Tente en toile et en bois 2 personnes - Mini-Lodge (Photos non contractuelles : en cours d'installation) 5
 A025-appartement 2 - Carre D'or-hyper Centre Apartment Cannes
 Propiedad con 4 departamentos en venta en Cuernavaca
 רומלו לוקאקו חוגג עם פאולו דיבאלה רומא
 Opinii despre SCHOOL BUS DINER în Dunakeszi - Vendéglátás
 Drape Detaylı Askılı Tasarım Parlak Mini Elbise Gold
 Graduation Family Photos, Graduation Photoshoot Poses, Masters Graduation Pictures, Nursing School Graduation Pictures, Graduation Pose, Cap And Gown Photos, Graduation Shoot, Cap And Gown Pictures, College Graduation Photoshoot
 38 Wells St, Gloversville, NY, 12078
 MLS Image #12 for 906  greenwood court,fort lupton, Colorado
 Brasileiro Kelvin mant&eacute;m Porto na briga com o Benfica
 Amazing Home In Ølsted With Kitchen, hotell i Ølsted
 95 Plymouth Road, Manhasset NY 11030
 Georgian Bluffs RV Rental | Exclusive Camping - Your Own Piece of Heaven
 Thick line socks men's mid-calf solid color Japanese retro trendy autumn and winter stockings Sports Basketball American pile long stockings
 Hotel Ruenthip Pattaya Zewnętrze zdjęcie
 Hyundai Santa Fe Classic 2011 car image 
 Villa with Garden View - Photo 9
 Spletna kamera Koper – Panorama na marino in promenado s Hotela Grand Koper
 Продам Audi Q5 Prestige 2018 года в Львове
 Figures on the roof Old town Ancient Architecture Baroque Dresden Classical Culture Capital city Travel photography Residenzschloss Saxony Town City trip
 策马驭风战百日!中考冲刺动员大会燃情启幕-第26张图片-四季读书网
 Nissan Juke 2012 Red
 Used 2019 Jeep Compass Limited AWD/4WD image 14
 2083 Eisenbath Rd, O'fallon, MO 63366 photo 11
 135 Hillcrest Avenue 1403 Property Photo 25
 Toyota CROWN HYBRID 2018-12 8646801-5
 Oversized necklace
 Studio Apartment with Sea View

▬▬▬▬▬▬

Work to be completed :: Go through the entries and filter for lines holding the word "Apartment"; copy each match.

Exercise answer ::
 A025-appartement 2 - Carre D'or-hyper Centre Apartment Cannes
 Studio Apartment with Sea View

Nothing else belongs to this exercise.